Routes sexagénaires. 
Comme les écoles, la majorité des routes nationales du Québec ont été construites entre les années 1950 et 1970, et elles sont nombreuses à avoir été négligées. Selon Guy Doré, spécialiste en infrastructures routières à l’Université Laval, il aurait fallu que ces chaussées soient réhabilitées tous les 10 à 15 ans (changement du revêtement), puis que les fondations, faites de gros gravier qui soutient l’asphalte, soient reconstruites selon les besoins tous les 40 ou 50 ans. « Bien que des efforts louables aient été faits par les administrations publiques […], des retards importants ont été accumulés, notamment durant les périodes de rationalisation des dépenses publiques », souligne l’observateur. Un demi-siècle plus tard : pas moins de 21 % des 30 000 kilomètres de routes nationales québécoises se trouvent dans un « très mauvais » état, ce qui leur vaut la pire cote attribuable à une infrastructure, un E, selon les critères du ministère des Transports (MTQ). La reconstruction d’une vieille route engendre des dépassements de coûts exorbitants. Selon le cousin ontarien du MTQ, la réfection d’une route de plus de 15 ans coûte 250 000 $ pour chaque kilomètre, tandis que l’entretien préventif d’un segment semblable sur une route de moins de 12 ans revient à… 1000 $ ! « À force de négliger les chaussées, on se retrouve avec un déficit d’entretien qui nous coûte très, très cher », résume M. Doré.

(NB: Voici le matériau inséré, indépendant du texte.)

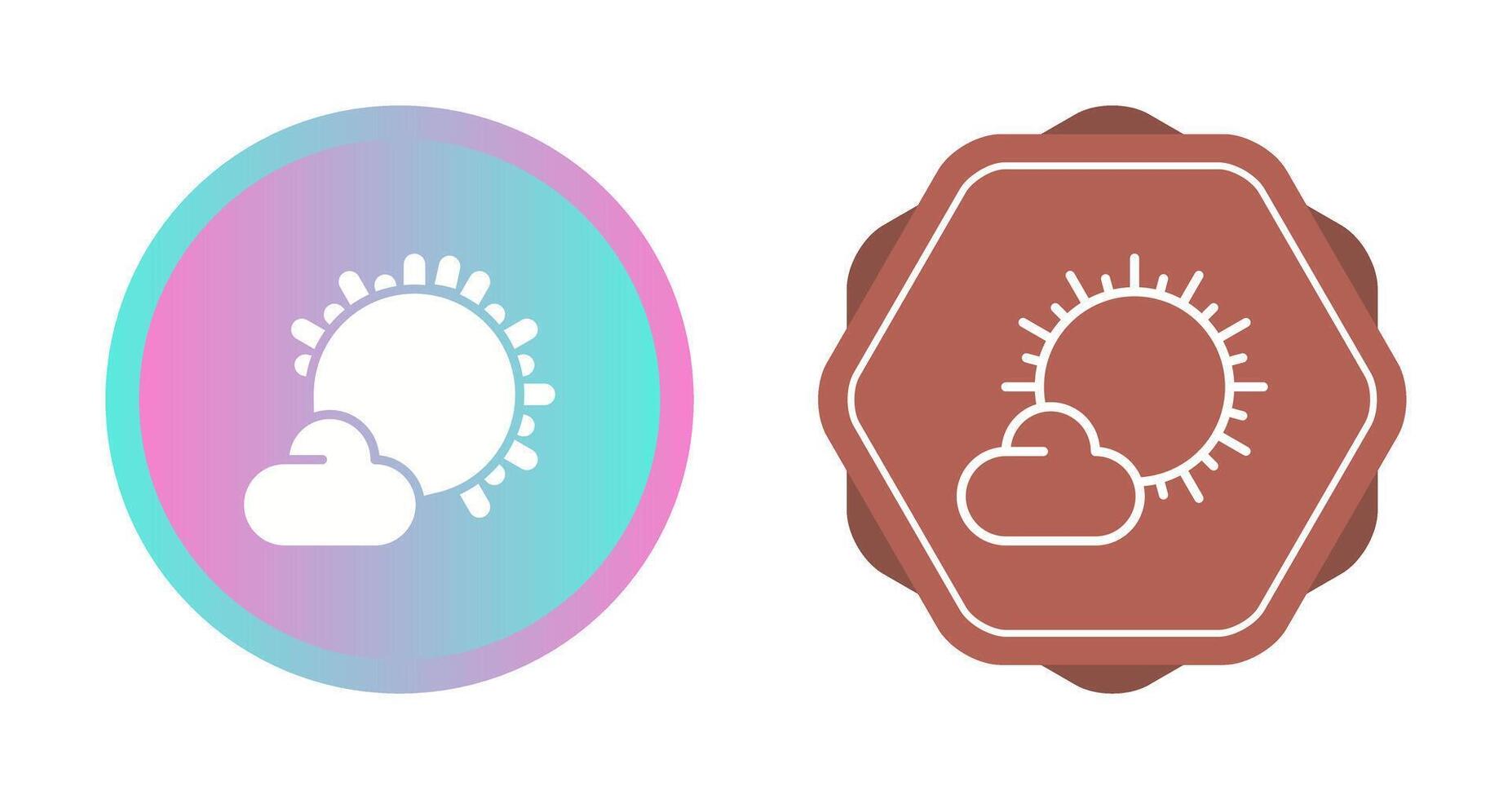 Sun Vector Icon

Dégel extrême. Même pour une chaussée, la vie dans le nord n’est pas de tout repos. Depuis une dizaine d’années, le Québec connaît des dégels en décembre, en janvier et même en février, observe Guy Doré, titulaire de la Chaire de recherche industrielle CRSNG sur l’interaction charges lourdes-climat-chaussées. Ces conditions climatiques « extrêmes », où la chaussée subit chaque année des écarts de température de 60 à 70 degrés, cause de sérieuses répercussions sur le réseau routier et provoque la création des nids-de-poule. Ceux-ci prolifèrent lorsque l’eau infiltrée sous la chaussée gèle et provoque des gonflements et des déformations à la surface. L’enrobé se contracte alors sous l’effet du froid et produit des fissures, le passage de poids lourds aggravant la situation. Au printemps, la chaussée ne présente que de 30 à 70 % de sa résistance normale. L’endommagement s’accentue avec le temps, car l’apparition de petites fissures facilite la pénétration de l’eau, qui déformera davantage la chaussée au prochain cycle de dégel.

Le poids d’un camion. Le passage d’un seul camion peut créer un dommage équivalant à celui de 10 000 automobiles et suffit parfois à former un trou béant dans la chaussée gelée, indique Alan Carter, professeur au Département de la construction de l’École de technologie supérieure de Montréal (ÉTS). « C’est pour cette raison que des restrictions de charge sont imposées à l’automne et au printemps aux poids lourds », explique le spécialiste. Les diminutions de charge imposées par la loi sont de l’ordre de 12 à 20 %, selon les catégories d’essieu. Les règlements entourant la diminution de charge restent très difficiles à faire respecter, estime Guy Doré. Et il suffit de quelques récalcitrants pour que des dizaines de nouveaux nids-de-poule voient le jour. Par exemple, au printemps 2013, durant la période de dégel déterminée par le gouvernement, Contrôle routier Québec a constaté plus de 2800 infractions relatives à la surcharge. Dans les municipalités, qui contrôlent les réseaux locaux et n’appliquent pas les mêmes règles que le MTQ, des milliers d’autobus viennent pour leur part endommager la chaussée fragilisée. « Avez-vous déjà vu un chauffeur d’autobus refuser des gens à bord pour éviter la surcharge ? Moi, jamais ! », lance-t-il.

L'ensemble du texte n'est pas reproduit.